Supplied material =
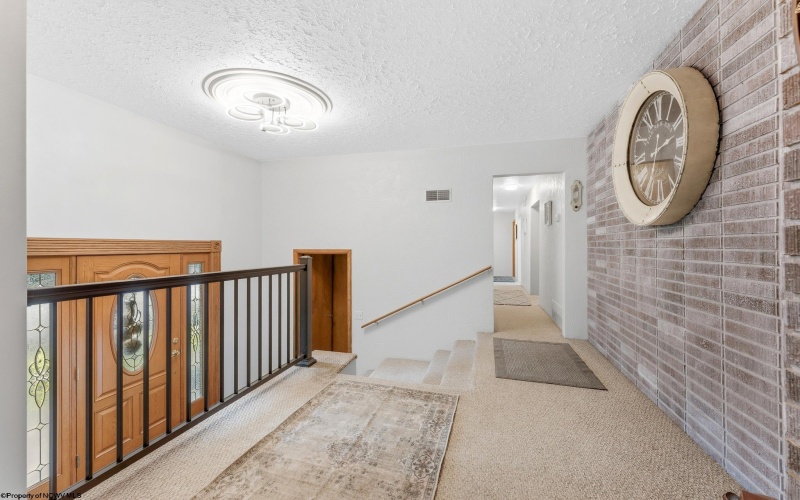 105 Jaynes Drive, Fairmont, West Virginia 26554, 4 Bedroom Bedrooms, 11 Room Rooms,3 BathroomBathrooms,Single Family Detached,For Sale,Jaynes,0,10166857
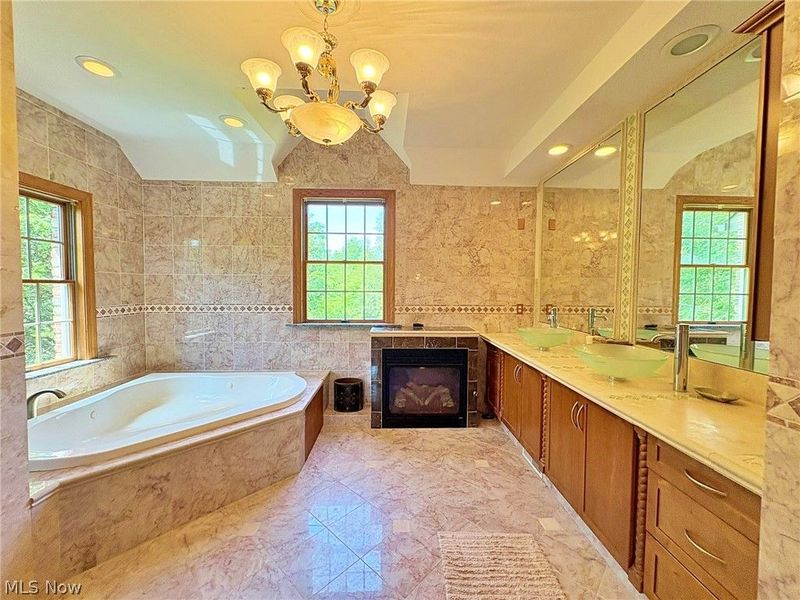 15818 Darrow Road, Vermilion, OH 44089 Photo 20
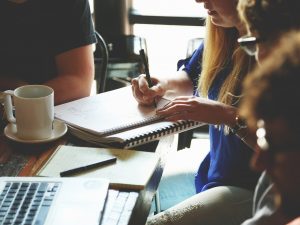 Estrategias metodológicas en la formación profesional para el empleo según modalidad de impartición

Problem details = Quote exactly the lines from the line that contains "15818 Darrow Road, Vermilion, OH" through the last line of the listing, please, leaving out all pictures.

Answer section =
 15818 Darrow Road, Vermilion, OH 44089 Photo 20
 Estrategias metodológicas en la formación profesional para el empleo según modalidad de impartición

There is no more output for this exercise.